**What is expected**:
Search the material for "showing" and copy each line in which it is found.

(Dataset records)

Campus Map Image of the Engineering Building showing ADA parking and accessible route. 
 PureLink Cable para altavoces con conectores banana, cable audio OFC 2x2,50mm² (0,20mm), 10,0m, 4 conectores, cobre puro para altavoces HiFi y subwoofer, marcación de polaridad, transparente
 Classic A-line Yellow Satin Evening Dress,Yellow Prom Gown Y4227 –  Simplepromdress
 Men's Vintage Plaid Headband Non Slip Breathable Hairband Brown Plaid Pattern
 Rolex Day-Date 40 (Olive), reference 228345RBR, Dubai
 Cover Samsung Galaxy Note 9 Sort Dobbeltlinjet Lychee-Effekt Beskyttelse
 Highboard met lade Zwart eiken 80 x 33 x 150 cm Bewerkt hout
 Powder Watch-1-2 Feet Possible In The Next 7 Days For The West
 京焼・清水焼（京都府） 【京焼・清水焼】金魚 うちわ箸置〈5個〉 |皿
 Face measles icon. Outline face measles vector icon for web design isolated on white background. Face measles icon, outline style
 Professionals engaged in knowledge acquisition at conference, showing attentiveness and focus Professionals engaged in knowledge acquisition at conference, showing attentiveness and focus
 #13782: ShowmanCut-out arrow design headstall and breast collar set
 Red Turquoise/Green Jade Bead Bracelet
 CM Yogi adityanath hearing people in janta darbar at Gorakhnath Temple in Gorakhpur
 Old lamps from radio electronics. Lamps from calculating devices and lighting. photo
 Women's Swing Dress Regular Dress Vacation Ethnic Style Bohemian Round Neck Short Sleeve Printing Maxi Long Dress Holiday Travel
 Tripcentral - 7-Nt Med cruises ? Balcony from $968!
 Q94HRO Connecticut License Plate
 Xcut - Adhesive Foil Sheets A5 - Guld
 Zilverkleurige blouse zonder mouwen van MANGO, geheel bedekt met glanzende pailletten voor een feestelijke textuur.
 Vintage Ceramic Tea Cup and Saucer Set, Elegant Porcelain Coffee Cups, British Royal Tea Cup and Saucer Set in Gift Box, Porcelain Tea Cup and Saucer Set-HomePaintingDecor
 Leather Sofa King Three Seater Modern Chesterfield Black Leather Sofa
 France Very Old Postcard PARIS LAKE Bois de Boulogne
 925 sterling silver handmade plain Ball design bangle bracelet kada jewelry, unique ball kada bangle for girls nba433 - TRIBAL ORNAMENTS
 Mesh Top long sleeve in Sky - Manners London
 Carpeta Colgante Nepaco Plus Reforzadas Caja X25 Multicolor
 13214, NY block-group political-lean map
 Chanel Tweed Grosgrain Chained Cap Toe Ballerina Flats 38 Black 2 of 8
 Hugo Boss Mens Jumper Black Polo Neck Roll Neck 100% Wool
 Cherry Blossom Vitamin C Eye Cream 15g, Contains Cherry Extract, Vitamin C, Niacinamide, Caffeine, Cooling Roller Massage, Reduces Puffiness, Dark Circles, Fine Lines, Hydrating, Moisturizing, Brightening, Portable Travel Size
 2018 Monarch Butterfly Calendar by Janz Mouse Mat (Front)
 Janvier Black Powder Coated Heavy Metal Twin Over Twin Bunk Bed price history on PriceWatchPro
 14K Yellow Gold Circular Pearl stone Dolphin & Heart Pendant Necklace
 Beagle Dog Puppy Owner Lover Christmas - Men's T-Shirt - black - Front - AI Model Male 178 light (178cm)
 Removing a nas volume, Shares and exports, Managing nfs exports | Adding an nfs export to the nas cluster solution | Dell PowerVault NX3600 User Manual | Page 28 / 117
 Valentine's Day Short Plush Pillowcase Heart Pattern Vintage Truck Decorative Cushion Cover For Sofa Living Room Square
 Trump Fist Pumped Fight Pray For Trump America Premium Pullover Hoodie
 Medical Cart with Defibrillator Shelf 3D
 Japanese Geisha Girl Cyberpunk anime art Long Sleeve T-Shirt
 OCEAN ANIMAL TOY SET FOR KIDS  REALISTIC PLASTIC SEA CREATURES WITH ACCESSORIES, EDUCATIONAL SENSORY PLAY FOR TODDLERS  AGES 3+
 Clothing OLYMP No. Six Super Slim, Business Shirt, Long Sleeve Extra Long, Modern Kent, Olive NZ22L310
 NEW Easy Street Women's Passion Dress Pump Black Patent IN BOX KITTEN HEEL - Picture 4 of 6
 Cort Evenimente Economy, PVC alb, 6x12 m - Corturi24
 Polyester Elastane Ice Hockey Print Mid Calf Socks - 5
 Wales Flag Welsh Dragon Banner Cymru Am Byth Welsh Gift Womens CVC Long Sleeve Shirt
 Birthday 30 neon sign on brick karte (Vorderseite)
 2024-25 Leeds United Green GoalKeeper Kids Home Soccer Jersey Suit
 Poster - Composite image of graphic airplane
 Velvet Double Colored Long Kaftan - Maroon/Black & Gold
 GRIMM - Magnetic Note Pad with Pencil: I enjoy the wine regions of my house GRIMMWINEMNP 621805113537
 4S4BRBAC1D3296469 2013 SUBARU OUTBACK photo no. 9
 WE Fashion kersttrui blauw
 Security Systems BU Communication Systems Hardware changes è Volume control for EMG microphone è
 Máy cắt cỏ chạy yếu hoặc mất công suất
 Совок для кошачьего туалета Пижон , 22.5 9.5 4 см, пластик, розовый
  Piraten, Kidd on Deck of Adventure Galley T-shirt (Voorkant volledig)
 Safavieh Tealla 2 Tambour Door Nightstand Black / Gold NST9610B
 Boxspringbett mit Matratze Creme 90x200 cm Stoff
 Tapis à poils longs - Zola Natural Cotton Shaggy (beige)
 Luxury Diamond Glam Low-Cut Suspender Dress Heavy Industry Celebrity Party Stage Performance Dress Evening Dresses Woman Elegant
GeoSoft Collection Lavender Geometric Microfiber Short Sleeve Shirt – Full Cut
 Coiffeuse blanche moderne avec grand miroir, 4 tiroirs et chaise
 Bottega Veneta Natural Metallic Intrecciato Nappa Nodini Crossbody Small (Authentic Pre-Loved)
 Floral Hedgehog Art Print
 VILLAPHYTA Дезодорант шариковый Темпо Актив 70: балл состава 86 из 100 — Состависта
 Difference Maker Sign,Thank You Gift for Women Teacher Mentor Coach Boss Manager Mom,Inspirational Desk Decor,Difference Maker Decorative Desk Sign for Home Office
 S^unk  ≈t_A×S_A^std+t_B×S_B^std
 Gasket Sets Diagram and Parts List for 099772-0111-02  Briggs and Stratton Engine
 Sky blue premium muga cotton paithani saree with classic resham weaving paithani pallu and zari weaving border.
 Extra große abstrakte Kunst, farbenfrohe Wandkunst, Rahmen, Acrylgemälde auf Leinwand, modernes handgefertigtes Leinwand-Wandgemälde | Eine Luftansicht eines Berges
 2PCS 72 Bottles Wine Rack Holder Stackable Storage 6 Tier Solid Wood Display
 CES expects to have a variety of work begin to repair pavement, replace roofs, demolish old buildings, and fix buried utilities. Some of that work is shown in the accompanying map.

(End Dataset records)

**Reply to the task**:
Campus Map Image of the Engineering Building showing ADA parking and accessible route. 
 Professionals engaged in knowledge acquisition at conference, showing attentiveness and focus Professionals engaged in knowledge acquisition at conference, showing attentiveness and focus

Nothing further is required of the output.